Le thème développé par la pensée johannique qui nous propose un Christ cosmique qui englobe tout est une grande source d’inspiration pour notre temps. L’incarnation comme invitation à une recherche continuelle de réconciliation par rapport à la séparation dualiste entre la matière et l’esprit en est une autre. Enfin, l’image paulinienne du corps de Christ, avec son affirmation de la diversité dans l’unité, d’individualité dans la communauté, nous invite à nous relier les uns aux autres d’une manière telle qu’en même temps soit conjuguée l’unicité de notre être individuel et notre être en relation.

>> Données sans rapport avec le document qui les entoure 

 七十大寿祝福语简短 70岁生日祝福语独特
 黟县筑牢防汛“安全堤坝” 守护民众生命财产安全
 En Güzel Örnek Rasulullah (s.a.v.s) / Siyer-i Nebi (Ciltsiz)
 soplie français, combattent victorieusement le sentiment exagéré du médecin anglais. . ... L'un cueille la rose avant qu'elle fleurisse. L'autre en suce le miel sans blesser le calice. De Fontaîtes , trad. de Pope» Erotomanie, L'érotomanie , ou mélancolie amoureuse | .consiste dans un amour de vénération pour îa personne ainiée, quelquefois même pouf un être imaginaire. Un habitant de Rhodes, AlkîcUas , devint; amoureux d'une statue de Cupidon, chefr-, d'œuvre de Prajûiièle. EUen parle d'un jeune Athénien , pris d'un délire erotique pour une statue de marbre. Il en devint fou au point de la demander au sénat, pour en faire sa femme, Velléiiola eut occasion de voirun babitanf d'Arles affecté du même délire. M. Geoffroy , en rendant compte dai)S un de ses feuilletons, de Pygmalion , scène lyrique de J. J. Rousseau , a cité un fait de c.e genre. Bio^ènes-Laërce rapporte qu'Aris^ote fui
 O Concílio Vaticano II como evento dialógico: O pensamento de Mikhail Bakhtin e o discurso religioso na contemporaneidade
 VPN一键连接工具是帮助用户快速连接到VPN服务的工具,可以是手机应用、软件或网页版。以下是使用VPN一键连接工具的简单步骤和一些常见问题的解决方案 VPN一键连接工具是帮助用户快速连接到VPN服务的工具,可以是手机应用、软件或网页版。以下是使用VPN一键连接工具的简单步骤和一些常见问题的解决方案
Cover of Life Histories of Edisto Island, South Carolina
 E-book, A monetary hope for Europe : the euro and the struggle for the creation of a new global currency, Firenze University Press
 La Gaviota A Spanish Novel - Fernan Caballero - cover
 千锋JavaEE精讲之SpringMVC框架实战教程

L’église en besoin d’une nouvelle vitalité
A l’intérieur des églises nous avons besoin d’avancer dans le dialogue et d’être sérieux dans notre foi. Nous prêchons le salut et la libération et cependant tant de chrétiens ont une attitude de peur et de jugement, et non une attitude d’harmonie et de joie. Nous ne sommes pas curieux mais souvent obstinés et nous ne pardonnons pas facilement à ceux qui nous font du mal même quand ils ont réparé leurs fautes. La joie que nous trouvons dans les loisirs et le bien être tend à être absente des églises. Nous avons besoin aujourd’hui de manifester notre corps de manière joyeuse. Une théologie équilibrée concerne à la fois le matériel et le spirituel.
Les célébrations devraient impliquer tout l’être humain : esprit, âme et corps. Une enquête montre que la moitié de ceux qui se déclarent chrétiens (7% de 15%) ne fréquentent jamais de célébrations parce qu’ils ne la considèrent pas comme une ressource pertinente.
La structure hiérarchique qui induit une coupure entre les personnes théologiquement formées et celles qui ont besoin d’éducation passe à côté du fait qu’une position élevée dans l’église ne s’accompagne pas toujours d’une maturité spirituelle. Aujourd’hui le clergé n’a pas seulement le besoin d’être formé en théologie mais aussi en spiritualité. Le sacerdoce universel doit être affirmé dans la vie de la communauté. Les laïcs ayant reçu une éducation supérieure sont capables de prendre davantage de responsabilité et devraient être encouragés à le faire.
Nous déclarons que l’église est le sanctuaire de Dieu mais nous l’avons transformé en un club pour ses membres. Ceux qui ont construit et maintenu ce lieu oublient que c’est d’abord la maison de Dieu et qu’il devrait être ouvert à tous.
Nous avons trop considéré l’église comme un empire qui devrait être étendu et non comme une institution au service du peuple. Nous avons besoin de mettre la spiritualité en premier au dépend du matérialisme et de désinvestir l’intellectualisme. Nous avons besoin de nous opposer à des intérêts puissants, de chercher la vérité, de vivre en harmonie avec la création et la vie toute entière et de considérer la nature comme un sanctuaire aussi saint qu’un bâtiment d’église.
Une invitation
Les exemples et les propositions partagées dans cet article s’inscrivent dans le contexte suédois. Cependant il y a des signes montrant que des changements similaires sont en train d’advenir dans d’autres pays européens, y compris la France (voir l’enquête sur les valeurs de Ronald Ingelhart). Pour résumer, il est temps de nous engager dans une conversation européenne sur la tradition chrétienne, ses formes, ses motivations et ses effets dans une nouvelle ère.